Panscan is known as a conference and as such it is on the same level of the Echo "hierarchy" as the other conferences I mentioned above such as Culture and Psychology. Once one enters Panscan (or any other conference), they are confronted with a list of Items. These items comprise the subjects under discussion on Panscan. At any one time not all the items are active. Conferencing has its own dance, just as mail activity does, where items rise and fall without warning. A recent item on the National Endowment For the Arts and Censorship, for instance logged hundreds of responses in days then cooled off and in the end more or less died. There was nothing left to say, the issue had been hashed out fervently on both sides, perhaps some people who had not so firm opinions were swayed, others ended up preaching to the converted. Nevertheless, the process was fascinating and stimulating to say the least. The saving grace in that particular item was that artists were prevented to coming to blows over their phone lines. This peace by distance is shared by mail art. To contrast, another item called Childhood Memories continues to exist with additions made more sporadically. Not a hotbed of activity but the postings that people make are poignant and often invite short flurries of responses by the other participants who empathize, compare notes or simply share their own memories triggered by the new activity in the item.

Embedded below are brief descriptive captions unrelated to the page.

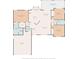 Detailed floor plan showcasing the layout of the house, including bedrooms, bathrooms, and living areas at 2165 Bolger Ave, Spring Hill, FL 34609
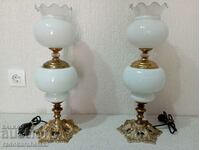 Set of two antique lamps - lamp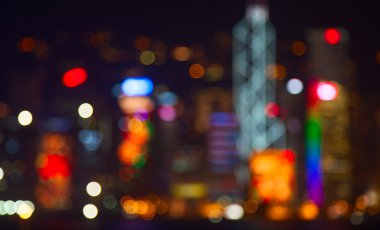 Şehir gece ışıkları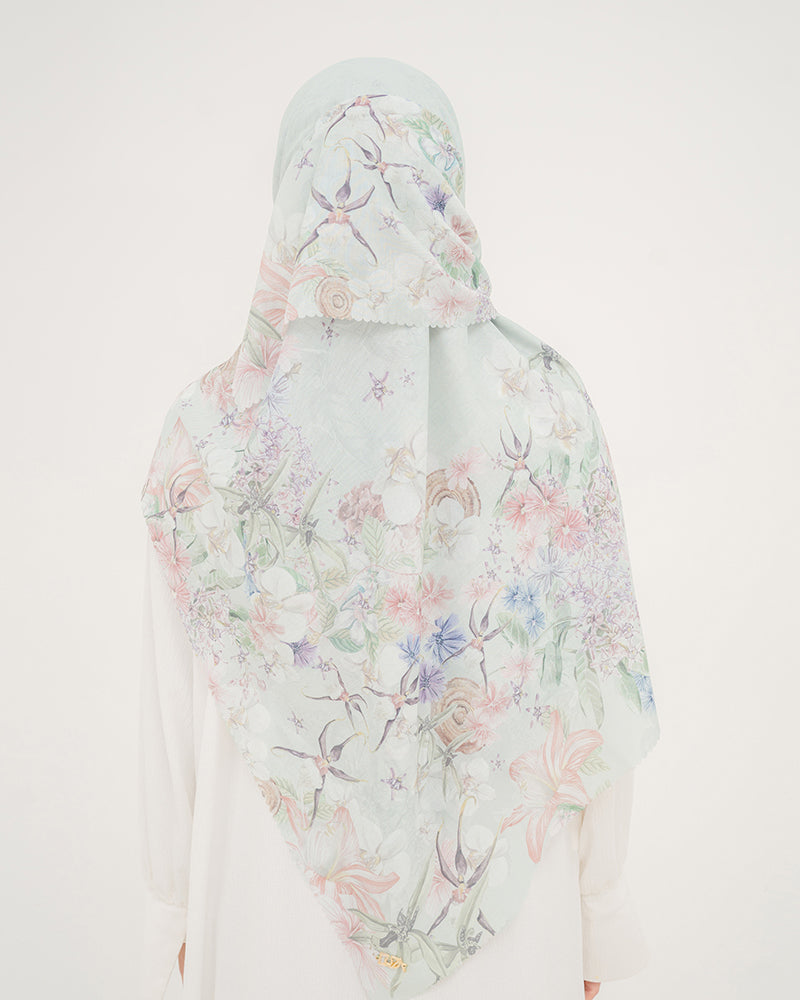 Qays Scarf Syar'i - Mint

Mail art continues to exist, however and thatÕs why I have maintained a listing item where international shows are posted. Recently a couple of shows involving the fax machine were listed there and received some responses from Echo participants. One direction teleconferencing might take would be like a combination of today's teleconferencing and the fax machine. Visual information could be digitized and sent over the phone line. It is possible now, surely it will become more commonplace in the future.
So what are the similarities between mail and Teleconferencing? Distance is the biggy. Telecom and mail art share the characteristic of connecting people over long distances. This distance is shortened by the speed of the communication in telecom, but this is balanced by the fact that at the present, costs are perhaps greater. Right now, of the people on Echo, only a handful live outside of New York. On the other hand, on The Well in California a more established system, most of the users live outside the San Francisco area where the system is based. I have sent out hundreds of cards announcing Panscan and only a handful have called to experience it. Those that have only did so once. Like mail art, it is the everyday or once weekly participation that makes it special. The fact that so few mail artists have had the means to stick around and really dialogue in Panscan on mail art has forced the conference to grow in ways I did not expect, however. The organizer of the entire Echo system now describes it as a "performance in progress." I'd have to agree.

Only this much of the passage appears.